Oh what a beautiful place. The shower is fantastic and the spiral staircase scary. Lovely shots and place. Thank you...


----------



## smiler

Very discerningly photographed and described, admirable, Thank You.


----------



## RichardH

Absolutely superb. :notworthy:



TeeJF said:


> *I wonder what a corporal is when the word is employed in this sense?*



The corporal is a piece of white linen on which the chalice and paten (or cup and plate, if you prefer) are placed during the prayer of consecration, the culmination of the Mass. The purpose is to catch any fragments of consecrated bread that might fall onto the altar, as these need to be consumed by the priest. Consequently, the corporal is usually bleached a brilliant white, and well-starched, so as to clearly show up any crumbs. The word _corporal_ comes from the Latin _corpus_ (= _body_).

<perve>Also, what's wrong with peculiar sexual favours? </perve>


----------



## lost

Superb. Good to see this place explored again.


----------



## TeeJF

RichardH said:


> <perve>Also, what's wrong with peculiar sexual favours? </perve>



Erm... nowt. And the wife was with me, but I didn't fancy "security" anyway!!!  Thanks for your kind comment about the report, and especially for the explanation of the corporal.

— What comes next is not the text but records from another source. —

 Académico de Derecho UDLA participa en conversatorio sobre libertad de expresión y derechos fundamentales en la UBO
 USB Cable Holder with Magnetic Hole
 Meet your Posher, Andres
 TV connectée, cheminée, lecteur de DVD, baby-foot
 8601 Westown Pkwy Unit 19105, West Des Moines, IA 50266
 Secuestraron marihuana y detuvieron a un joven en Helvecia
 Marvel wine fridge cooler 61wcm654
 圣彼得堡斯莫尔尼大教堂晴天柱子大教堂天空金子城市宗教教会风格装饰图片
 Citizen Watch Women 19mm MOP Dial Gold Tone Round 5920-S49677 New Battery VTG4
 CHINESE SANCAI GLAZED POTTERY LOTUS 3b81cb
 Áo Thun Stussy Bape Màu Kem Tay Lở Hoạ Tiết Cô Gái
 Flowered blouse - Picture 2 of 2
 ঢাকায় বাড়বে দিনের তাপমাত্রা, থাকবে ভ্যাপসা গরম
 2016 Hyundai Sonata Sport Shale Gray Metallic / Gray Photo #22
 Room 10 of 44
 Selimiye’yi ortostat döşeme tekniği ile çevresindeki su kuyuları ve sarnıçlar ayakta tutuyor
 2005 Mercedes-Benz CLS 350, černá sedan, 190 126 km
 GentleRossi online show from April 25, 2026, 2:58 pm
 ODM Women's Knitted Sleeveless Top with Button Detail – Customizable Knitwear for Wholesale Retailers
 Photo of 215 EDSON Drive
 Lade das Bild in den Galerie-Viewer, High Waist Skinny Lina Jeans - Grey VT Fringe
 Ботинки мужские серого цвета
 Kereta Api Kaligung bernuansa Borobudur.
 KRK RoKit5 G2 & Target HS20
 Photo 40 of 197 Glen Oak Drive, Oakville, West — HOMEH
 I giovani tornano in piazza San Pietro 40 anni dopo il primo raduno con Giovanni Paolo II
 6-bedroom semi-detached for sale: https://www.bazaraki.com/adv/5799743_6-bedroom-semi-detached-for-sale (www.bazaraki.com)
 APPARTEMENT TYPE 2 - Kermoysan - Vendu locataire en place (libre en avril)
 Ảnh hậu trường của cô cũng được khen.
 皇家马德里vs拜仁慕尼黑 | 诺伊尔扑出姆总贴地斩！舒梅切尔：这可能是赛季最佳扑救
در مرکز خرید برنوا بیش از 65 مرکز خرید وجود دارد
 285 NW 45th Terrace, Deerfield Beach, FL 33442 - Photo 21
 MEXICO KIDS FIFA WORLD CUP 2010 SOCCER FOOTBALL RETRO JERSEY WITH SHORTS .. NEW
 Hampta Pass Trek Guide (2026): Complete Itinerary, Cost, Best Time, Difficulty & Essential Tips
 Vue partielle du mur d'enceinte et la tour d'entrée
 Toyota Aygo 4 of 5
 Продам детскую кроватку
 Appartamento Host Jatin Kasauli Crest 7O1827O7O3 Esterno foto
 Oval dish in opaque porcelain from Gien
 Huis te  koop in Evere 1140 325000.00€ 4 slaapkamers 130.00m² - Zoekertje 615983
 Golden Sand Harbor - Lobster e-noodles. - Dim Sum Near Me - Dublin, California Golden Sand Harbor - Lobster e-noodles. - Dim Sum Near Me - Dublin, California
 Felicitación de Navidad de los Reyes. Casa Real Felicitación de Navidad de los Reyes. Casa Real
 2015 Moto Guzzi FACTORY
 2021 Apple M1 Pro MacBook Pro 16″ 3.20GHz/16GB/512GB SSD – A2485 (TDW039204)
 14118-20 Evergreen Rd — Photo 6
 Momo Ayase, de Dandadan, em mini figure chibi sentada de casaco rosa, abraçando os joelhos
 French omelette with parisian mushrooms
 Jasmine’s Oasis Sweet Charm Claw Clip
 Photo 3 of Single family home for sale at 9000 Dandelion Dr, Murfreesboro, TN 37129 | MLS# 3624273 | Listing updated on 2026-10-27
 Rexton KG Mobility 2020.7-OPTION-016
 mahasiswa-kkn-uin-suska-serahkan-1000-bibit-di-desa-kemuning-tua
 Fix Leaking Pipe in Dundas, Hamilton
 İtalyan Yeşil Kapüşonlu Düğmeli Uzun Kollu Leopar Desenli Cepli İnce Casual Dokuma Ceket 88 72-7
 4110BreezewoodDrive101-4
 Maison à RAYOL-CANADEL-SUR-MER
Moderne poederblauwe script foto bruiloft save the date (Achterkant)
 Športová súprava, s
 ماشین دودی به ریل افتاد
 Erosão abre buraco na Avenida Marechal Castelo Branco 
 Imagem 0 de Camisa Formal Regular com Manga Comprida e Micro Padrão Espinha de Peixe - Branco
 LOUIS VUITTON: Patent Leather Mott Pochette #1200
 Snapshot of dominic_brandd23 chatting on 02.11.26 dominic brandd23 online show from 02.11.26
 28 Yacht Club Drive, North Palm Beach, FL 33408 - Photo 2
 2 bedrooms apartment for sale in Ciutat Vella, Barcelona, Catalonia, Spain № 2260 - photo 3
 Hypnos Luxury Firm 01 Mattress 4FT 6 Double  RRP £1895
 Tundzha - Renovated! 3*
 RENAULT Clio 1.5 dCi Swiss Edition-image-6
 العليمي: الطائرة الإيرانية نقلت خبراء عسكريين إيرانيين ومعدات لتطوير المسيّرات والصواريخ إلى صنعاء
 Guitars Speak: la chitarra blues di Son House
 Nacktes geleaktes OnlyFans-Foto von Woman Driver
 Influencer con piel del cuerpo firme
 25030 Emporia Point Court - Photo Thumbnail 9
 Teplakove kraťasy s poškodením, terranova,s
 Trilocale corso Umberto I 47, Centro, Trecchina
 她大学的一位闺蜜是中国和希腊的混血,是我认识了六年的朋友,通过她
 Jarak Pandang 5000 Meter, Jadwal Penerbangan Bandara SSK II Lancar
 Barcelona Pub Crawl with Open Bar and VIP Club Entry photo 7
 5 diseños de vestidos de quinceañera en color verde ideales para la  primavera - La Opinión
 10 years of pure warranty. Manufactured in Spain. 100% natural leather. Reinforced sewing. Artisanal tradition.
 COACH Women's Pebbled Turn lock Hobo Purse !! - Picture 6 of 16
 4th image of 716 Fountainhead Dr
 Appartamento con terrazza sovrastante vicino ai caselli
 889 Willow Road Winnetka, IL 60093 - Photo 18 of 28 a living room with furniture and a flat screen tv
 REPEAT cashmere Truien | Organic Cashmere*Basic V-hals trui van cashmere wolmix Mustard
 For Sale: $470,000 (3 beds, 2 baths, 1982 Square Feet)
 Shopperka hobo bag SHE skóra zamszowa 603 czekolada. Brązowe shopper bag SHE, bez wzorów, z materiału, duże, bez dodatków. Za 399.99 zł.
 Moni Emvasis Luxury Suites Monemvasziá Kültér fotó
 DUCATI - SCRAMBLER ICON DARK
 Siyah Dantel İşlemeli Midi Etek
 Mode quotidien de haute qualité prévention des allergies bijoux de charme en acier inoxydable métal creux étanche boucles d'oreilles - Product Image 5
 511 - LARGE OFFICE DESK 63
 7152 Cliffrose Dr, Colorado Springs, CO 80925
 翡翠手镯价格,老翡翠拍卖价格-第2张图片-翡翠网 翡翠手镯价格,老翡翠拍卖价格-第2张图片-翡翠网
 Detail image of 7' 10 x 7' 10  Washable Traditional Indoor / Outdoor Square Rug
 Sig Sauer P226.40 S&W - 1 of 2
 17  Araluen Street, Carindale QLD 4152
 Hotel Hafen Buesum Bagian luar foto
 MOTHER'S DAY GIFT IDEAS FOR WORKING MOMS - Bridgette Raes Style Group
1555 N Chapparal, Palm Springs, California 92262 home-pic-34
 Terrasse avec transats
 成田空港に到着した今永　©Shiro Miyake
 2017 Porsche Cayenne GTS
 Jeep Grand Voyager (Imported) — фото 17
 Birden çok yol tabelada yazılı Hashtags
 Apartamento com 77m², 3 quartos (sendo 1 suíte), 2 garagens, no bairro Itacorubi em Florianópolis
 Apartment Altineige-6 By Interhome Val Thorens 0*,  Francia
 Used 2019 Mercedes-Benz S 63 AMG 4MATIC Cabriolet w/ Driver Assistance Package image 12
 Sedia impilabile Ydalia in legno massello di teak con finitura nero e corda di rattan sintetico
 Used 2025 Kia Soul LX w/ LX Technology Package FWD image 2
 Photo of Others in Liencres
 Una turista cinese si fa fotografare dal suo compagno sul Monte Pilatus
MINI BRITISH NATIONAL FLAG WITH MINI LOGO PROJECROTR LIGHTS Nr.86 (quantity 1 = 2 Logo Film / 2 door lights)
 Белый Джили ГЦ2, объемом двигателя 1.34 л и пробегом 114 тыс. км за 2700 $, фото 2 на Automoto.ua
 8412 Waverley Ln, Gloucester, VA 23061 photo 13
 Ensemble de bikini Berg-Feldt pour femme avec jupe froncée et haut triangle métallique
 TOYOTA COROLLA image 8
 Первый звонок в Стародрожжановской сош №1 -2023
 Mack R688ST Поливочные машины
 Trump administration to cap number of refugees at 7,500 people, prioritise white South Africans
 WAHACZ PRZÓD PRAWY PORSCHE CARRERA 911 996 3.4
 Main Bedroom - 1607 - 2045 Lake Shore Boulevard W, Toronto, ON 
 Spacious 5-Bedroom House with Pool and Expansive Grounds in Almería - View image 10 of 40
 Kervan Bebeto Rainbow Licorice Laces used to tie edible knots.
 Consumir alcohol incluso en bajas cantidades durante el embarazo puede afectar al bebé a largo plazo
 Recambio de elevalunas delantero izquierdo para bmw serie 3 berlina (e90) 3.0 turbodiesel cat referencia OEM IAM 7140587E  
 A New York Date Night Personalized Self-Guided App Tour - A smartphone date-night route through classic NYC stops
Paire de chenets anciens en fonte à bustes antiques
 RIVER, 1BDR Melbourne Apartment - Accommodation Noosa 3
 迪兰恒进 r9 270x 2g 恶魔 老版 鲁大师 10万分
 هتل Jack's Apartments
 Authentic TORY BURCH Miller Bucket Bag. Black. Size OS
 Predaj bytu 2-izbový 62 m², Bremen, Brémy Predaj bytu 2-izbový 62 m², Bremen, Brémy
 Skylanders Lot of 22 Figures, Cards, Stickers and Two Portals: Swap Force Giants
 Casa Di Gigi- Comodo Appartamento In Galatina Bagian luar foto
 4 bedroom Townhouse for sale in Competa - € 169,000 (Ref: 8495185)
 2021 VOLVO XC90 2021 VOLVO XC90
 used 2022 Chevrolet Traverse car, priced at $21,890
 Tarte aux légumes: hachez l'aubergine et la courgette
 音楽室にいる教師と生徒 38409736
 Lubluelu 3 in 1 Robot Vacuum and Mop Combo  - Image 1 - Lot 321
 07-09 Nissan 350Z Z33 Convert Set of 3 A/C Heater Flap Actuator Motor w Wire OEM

My Latin is appalling but when you think about it it's fairly obvious isn't it. So if you stick a spike into a body does it then become a Lance Corporal?


----------



## night crawler

Stunning quite stunning, I love the chapel.


----------



## Janey68

This looks absolutely fantastic!!!

Loved your pics, I would be totally speechless to see somewhere like this. Amazing


----------



## Locksley

I'd so love that spiral staircase up to my loft!


----------



## TeeJF

Locksley said:


> I'd so love that spiral staircase up to my loft!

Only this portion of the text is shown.